Above is a Sketch/ProtoPie mockup I made showing improved, more adaptive listening and response behavior for the Siri virtual assistant on iOS. Siri’s listening and turn-taking behavior were key areas of design responsibility in my last few years at Apple. (Disclaimer: the mockup includes a listening animation and some standard library elements created by other designers).
I advocated the point of view that a virtual assistant needs to be more than smart. It needs to be a good listener. This means active, adaptive listening, taking into account the hesitations, disfluencies, interruptions, and overlaps that happen naturally when humans talk to each other.
A virtual assistant needs to be more than smart.
It needs to be a good listener.
Assistant outputs should make use of the right sensory channel — visual, auditory, or tactile — for the situation, and visual UI changes should be subtle and incremental, rather than jumpy or jarring.
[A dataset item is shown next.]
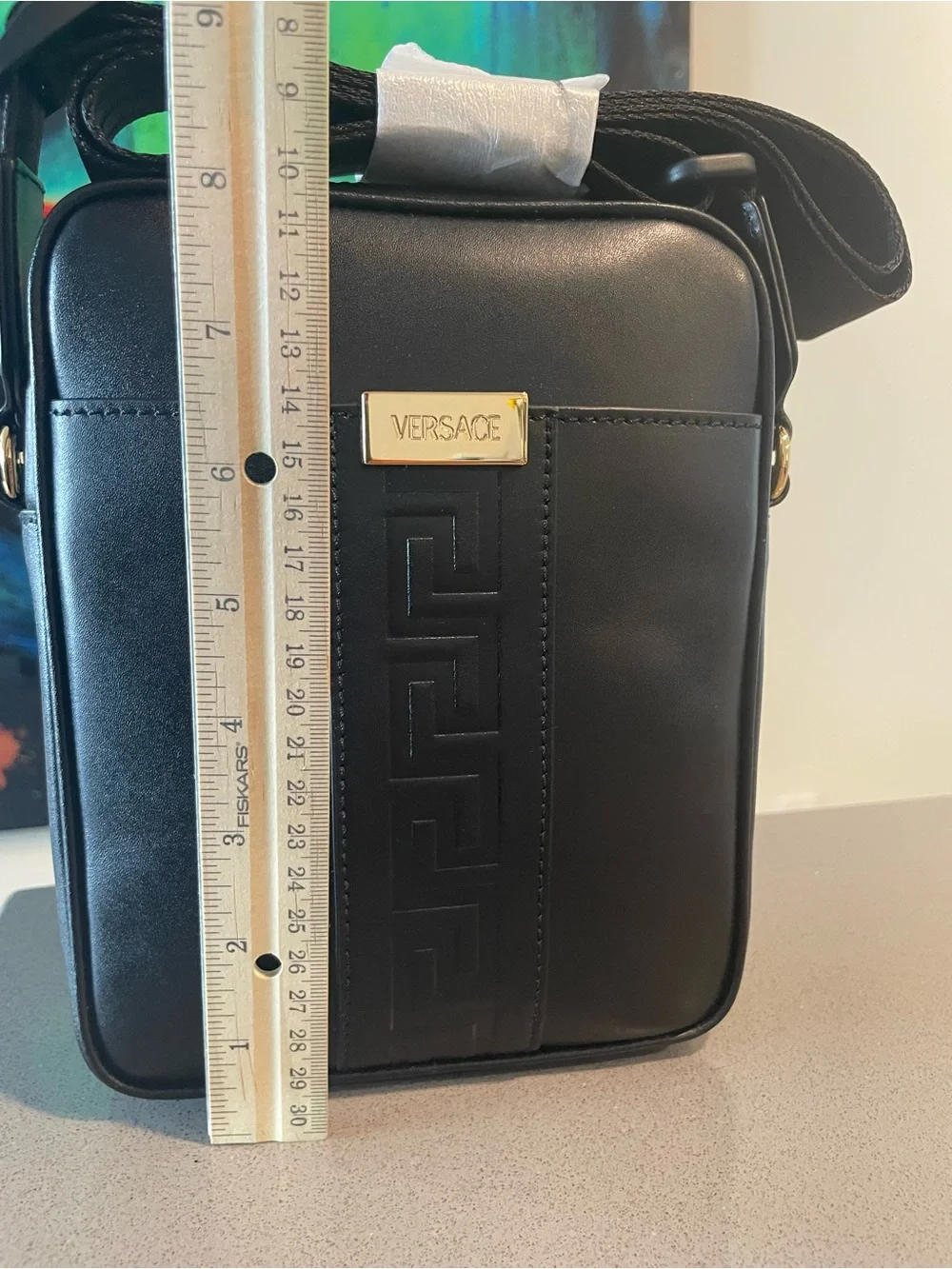 Versace Black Leather Messenger Crossbody with Gold Plaque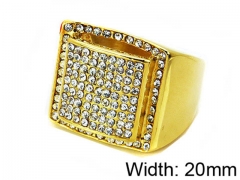 HY Stainless Steel 316L Men Small-Crystal Rings-HY15R0966HME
Customers expect buttons, tabs, and menus to look and behave the same way over time in a graphical app as features are added, and they (consciously or not) expect the same from the fundamental buildings blocks of a voice user interface. As a voice assistant gains features or knowledge over time, it should remain familiar in terms of how and when it listens or speaks, and how it structures certain key patterns of conversation, such as those surrounding authentication or payment.
We expect and rely on more detailed, verbose spoken outputs when the virtual assistant is part of or paired with our cars, because we need to keep our attention on the road. However, the same level of verbosity might feel superfluous or annoying in situations where we can digest the same information more quickly by reading a screen.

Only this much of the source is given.